Are you limiting yourself to the aero deep section wheels?

one of the techs at the LBS is easily above 220 lbs and runs Mavic Kysrium SL with no issues. I'm 190 lbs and I run the Kysrium Elite... even on horrible roads. But those spokes are going to be more difficult to replace.

But if you're deciding on which is easiest to maintain.... then I would go with a custom wheel build. Like what others said... 32 spoke, 3x lacing front and rear, with double butted spokes such as DT Swiss Competition 2.0mm/1.8mm/2.0mm spokes. The component where you can shave some weight is on the hubs....(and you can probably get away with 28 spokes up front)...


----------



## terbennett (Apr 1, 2006)

Velocity Deep Vs are bombproof... even if you were 100 lbs heavier. I have a set for two of my three bikes and these wheels won't stop. I intentionally hit potholes and they won't come out of true. Both sets have over 15,000 miles on them and with the exception odf the 24 spoke front on one pair, These wheels have never been on a truing stand. Let me make a correction: The 24 spoked front that needed truing was hardly off. My fear of doing the walk of shame from my pre-Deep V days made me take it in to get the tension checked. Thewheel already had well over 10,000 miles by that time.


----------



## bikerector (Oct 31, 2012)

I've been very happy with the S60's. They are a little heavy by the spec but that roll up quick and are crazy stiff, especially compared to the fulcrum race 7's which I had for 2 years before getting rid of them this year. I had the S60's in a race this year where they labeled the road "rough" on the course map, the road was completely torn up, it was much harsher than 90% of the gravel roads in my area, some people lost their water bottles in the section. Wheels held up fine, really boosted my confidence in what they can take. The manual that comes with the wheel does mention that the max tire size for the wheels is 700x23, I'm sure it can take wider but the biggest thing is that the inner width of the rim is fairly narrow. Overall, the wheels were very worth the money, even if just for extra poser cred.

The wider rims like A23's and HED belgiums are great because of the wider profile. They run wider tires better IMO. I wish I could run 700x25 for races but my road race bike only accepts 700x23, rubs the chainstays any wider than that. 700x25's just feel better when railing through the corners and are all around more comfortable. Being heavier, a bigger tire makes since as well.


----------



## syraleo (Jun 1, 2010)

Just to update the thread, my friend gave me a deal on a pair of 7850-C50 clinchers, took it for a test ride.

wow! completely destroys the racing 7 in terms of smoothness, stiffness and rolling speed. then again.. it isn't a fair comparison.

I swear it's like the hub has a stick of butter in it, just so creamy smooth... i love rolling just to feel that "buttery" roll.

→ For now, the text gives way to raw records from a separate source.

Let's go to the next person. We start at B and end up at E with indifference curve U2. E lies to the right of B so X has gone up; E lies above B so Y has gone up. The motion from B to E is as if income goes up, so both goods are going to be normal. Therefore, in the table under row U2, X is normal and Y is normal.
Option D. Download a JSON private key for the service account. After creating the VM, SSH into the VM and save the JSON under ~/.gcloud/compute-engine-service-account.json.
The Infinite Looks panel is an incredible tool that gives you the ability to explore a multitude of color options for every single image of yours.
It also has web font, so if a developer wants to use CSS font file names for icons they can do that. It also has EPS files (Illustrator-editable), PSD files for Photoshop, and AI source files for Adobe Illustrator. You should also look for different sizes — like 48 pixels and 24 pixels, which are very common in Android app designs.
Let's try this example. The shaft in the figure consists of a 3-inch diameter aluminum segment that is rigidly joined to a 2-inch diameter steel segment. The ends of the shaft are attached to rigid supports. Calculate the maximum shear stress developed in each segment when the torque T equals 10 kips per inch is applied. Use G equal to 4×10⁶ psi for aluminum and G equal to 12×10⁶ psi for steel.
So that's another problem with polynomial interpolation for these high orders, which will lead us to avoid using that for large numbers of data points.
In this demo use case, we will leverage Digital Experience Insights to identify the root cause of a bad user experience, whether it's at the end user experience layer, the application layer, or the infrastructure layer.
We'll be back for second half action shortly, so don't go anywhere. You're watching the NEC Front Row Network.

took it out for the strava 79 mile challenge, did 95 miles, some of it was rough roads with jagged rocks, pot holes, metal grills(cursed road works!) and just uneven roads. Hit them all at speed and it came out still true.

went for more rides, hit more holes(by accident), still true and still rolls like it's made of butter.

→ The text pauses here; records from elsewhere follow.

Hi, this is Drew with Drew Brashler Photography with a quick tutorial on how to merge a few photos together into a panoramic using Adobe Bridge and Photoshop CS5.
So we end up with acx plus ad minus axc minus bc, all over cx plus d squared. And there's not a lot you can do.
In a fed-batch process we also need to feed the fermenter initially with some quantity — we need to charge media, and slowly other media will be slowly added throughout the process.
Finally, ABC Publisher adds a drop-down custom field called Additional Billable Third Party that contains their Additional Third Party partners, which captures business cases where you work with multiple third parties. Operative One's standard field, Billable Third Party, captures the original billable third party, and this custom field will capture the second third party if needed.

Whenever i read people saying aero wheels roll better and make you faster by 1-2mph as well as maintain a high speed with lesser effort, i thought they were trolling.

It turns out to be true... my speed did increase, i also noticed that my top speed is now going above 25mph on flats whereas my racing 7s just refuse to break the 21mph barrier. sprinting speed also shot up to 35mph.

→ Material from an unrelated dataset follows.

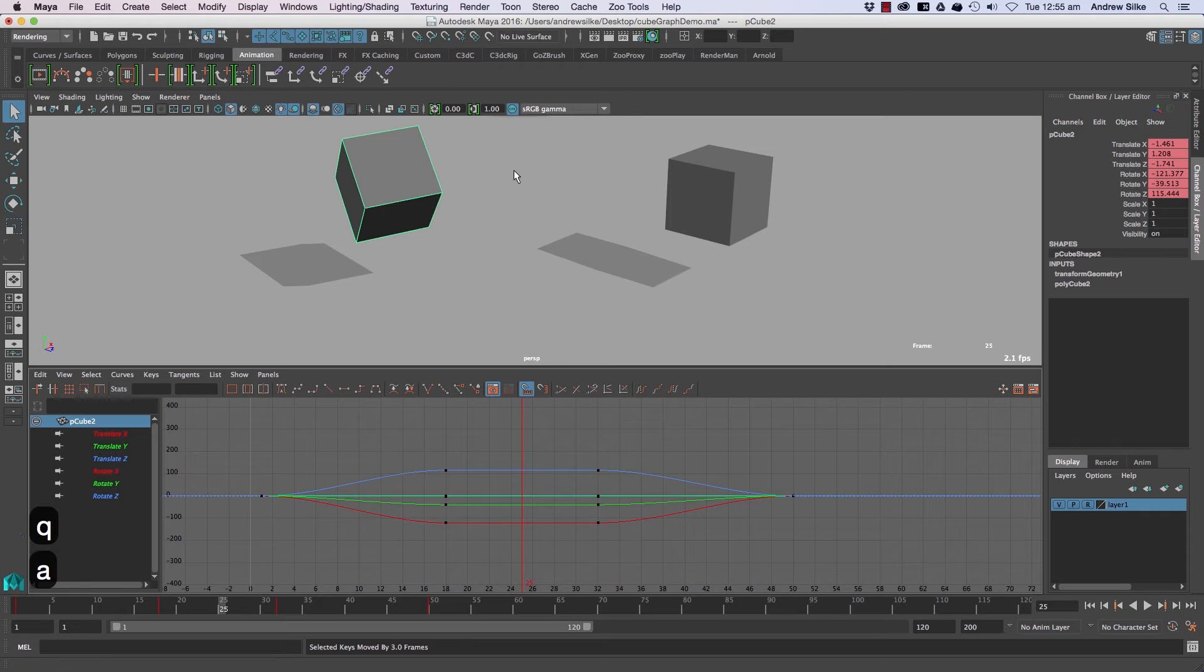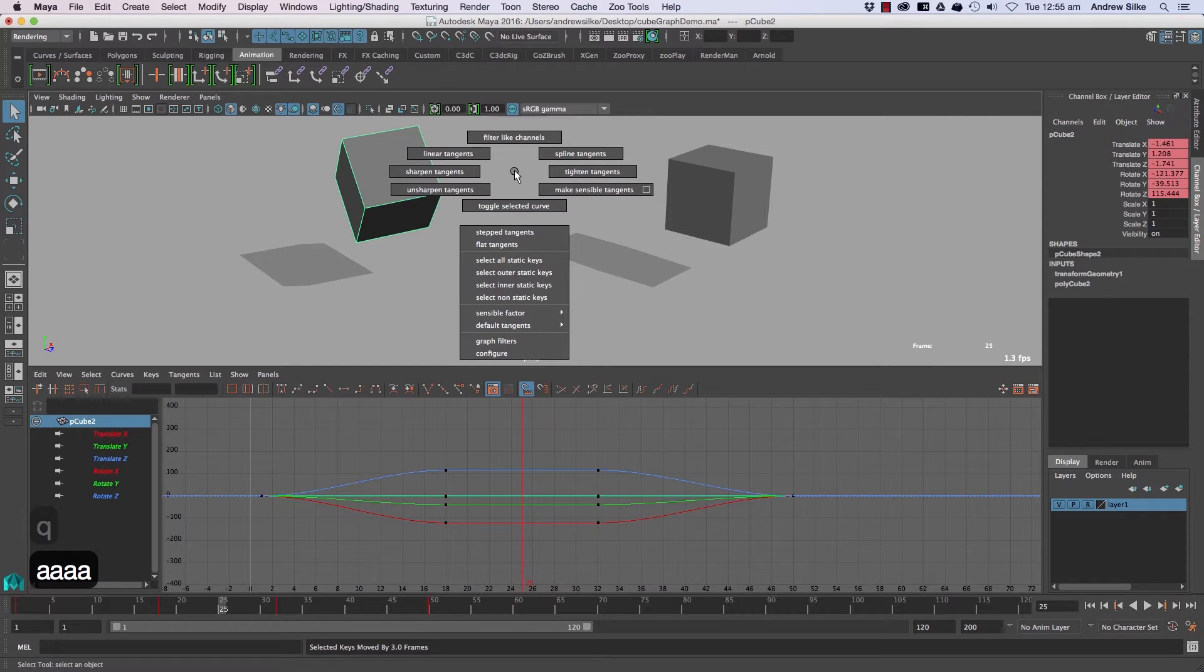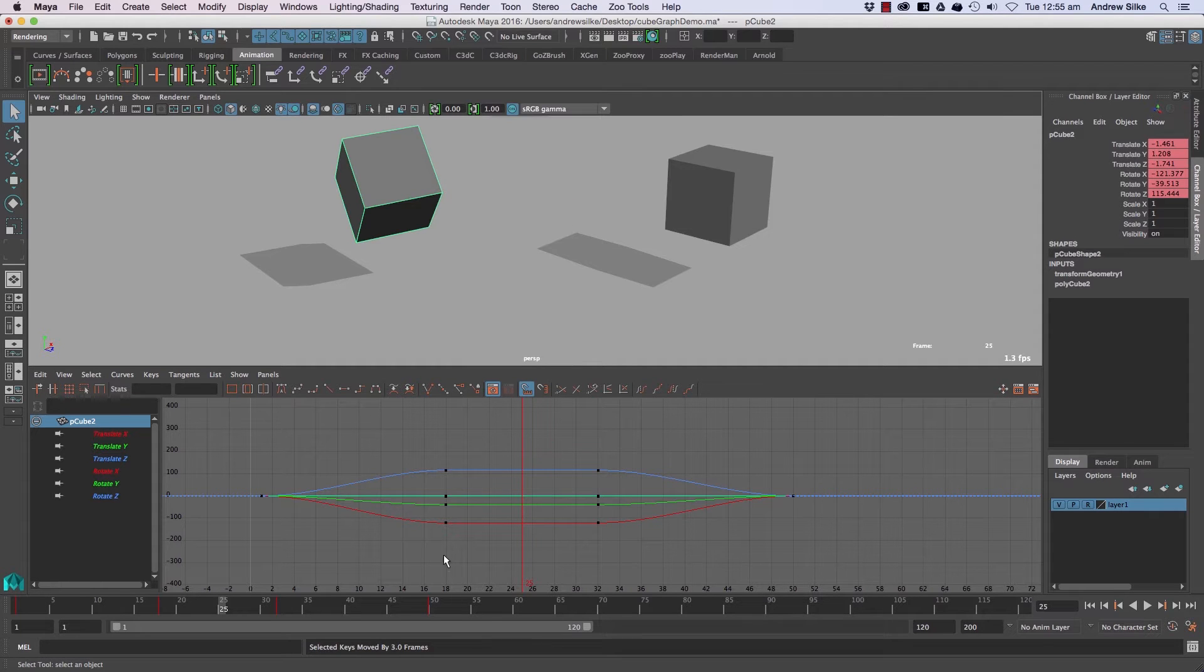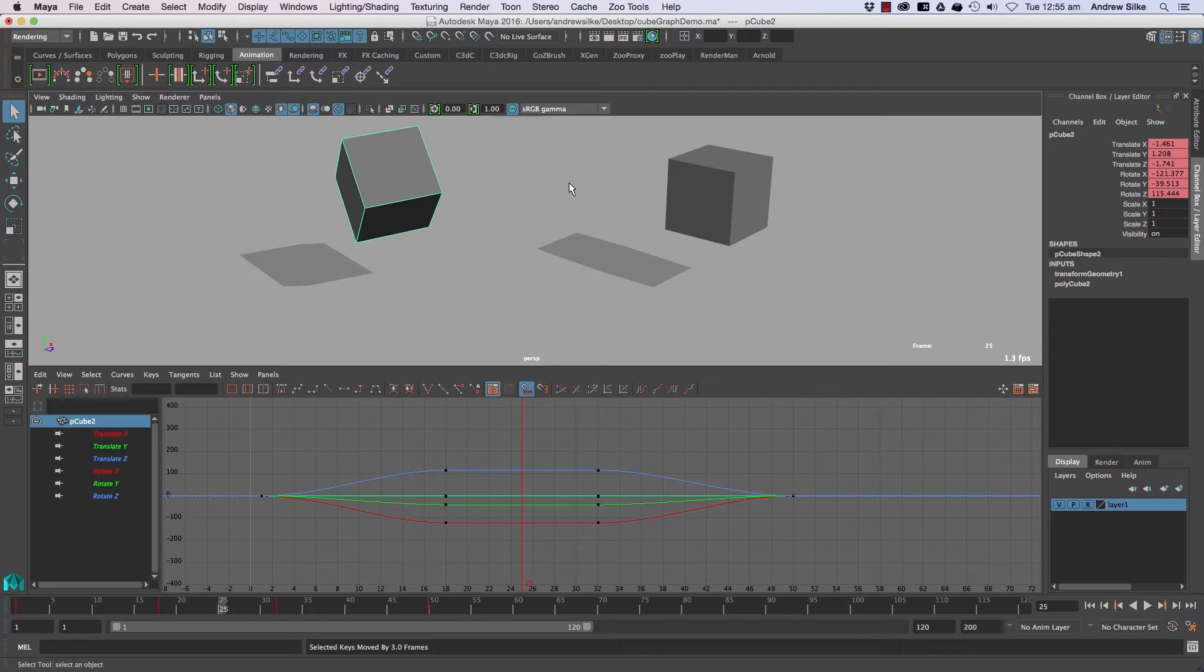And then we've also got the A key, which is if you just hold it down, it's a big marking menu. This works in a very similar way and you don't actually have to be in the graph editor, but it's kind of good to show it here.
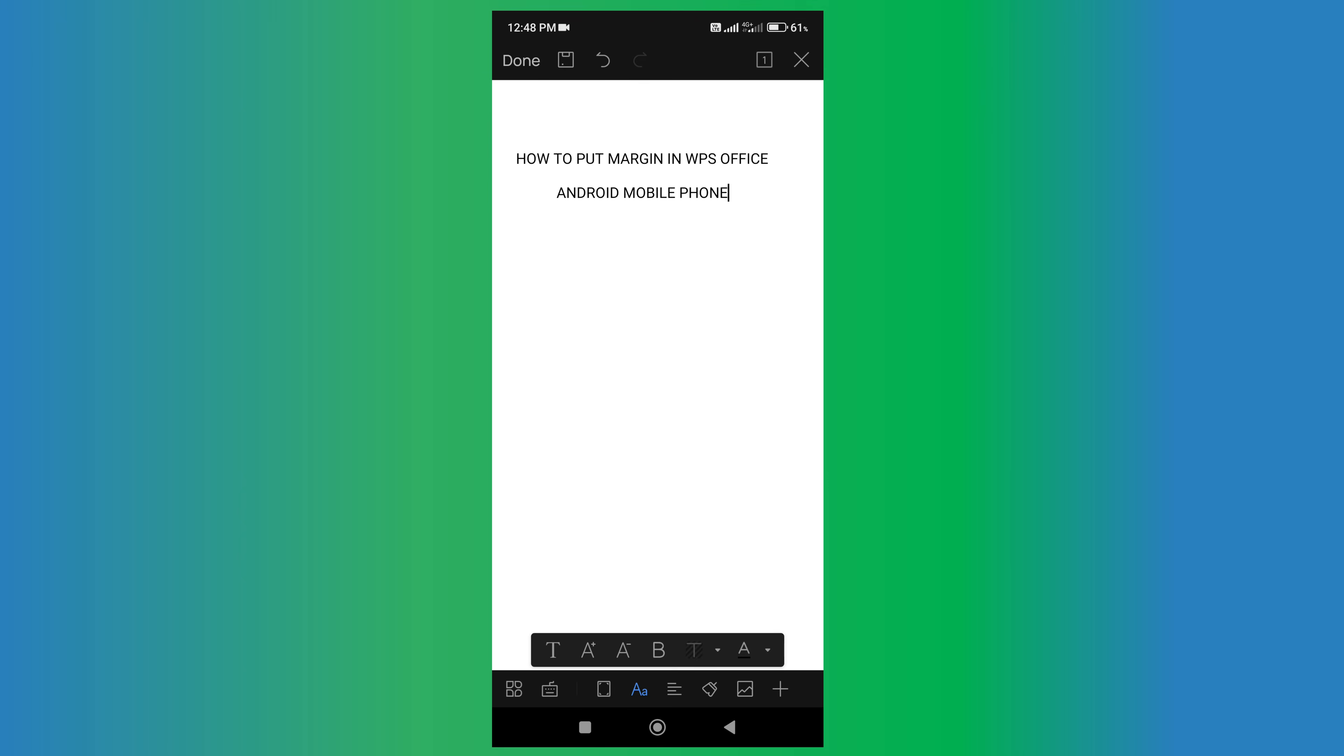In this video, you will see how to put margin in WPS Office on Android mobile phone. It's very easy.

Now i just need to train my legs to go faster.


----------



## shoot summ (Oct 1, 2012)

I'm 210 and like to climb, I was riding some RS80's and had an issue with keeping the back wheel true, seemed like I was constantly getting loose spokes. I recently switched to some new to me Mavic K10's. I only have 2 rides on them but I really like them so far, can't vouch for staying in true yet.


----------



## Mike T. (Feb 3, 2004)

syraleo said:


> Whenever i read people saying aero wheels roll better and make you faster by 1-2mph as well as maintain a high speed with lesser effort, i thought they were trolling. It turns out to be true... my speed did increase, i also noticed that my top speed is now going above 25mph on flats whereas my racing 7s just refuse to break the 21mph barrier. sprinting speed also shot up to 35mph.


That never happened even though you thought it did. There is nothing built into any wheelset, no matter what its weight or aero attributes are, that would account for that kind of an increase. But if you're happy that it did then that's fine.

I have three whole years of my own recorded average speed data taken from rides with my heaviest, lightest and most aero sets of wheels (3 sets) and the variation of the averages of the averages is but 0.3mph.


----------



## MercRidnMike (Dec 19, 2006)

If you need a less expensive option aero wheel, there's always the offerings from Flo Cycling (flocycling.com). It's a new new company, uses the "newer" style aero profiles (torroidal / wide) that they develop themselves in house, wheels are inexpensive and only a minor weight penalty (they use carbon fairings on alu wheels rather than pure carbon).

I am looking to see about their Flo 30 wheels as an option for myself, but the Flo 60s look pretty dang sweet too.


----------



## AndyMc2006 (Oct 27, 2006)

*Cxp 33*



brewster said:


> 14/15, 32X with Mavic CXP33 on DA hubs have been a build and forget wheelset for me.
> 
> I also have a set with 14/15, 32X on Velocity Aerohead OC with King hubs, which are a little lighter and are tough too, but require a bit of rear wheel maintenance here and there. You have about 25lbs on me so I'd say don't temp fate and go with the CXP33 on the White Industry hubs.
> 
> ...


I am 6ft 4 " 250lbs and I have had good luck with cxp 33's with record hubs and beefy spokes. Handbuilt from Excel sport Boulder- I have been running them about a year, put about 3,000 miles on them so far this year and just occassional truing so far, no spokes breaking or major problems.- I told them my height and weight and what I was looking for and they did a great job accomodating my request.


----------



## rruff (Feb 28, 2006)

syraleo said:


> Whenever i read people saying aero wheels roll better and make you faster by 1-2mph as well as maintain a high speed with lesser effort, i thought they were trolling.


They are... or they are just "suffering" from severe placebo effect. 

The Shimano wheels might be responsible for ~0.2 higher speed, but that is it. Tires and tubes can make a bigger difference.


----------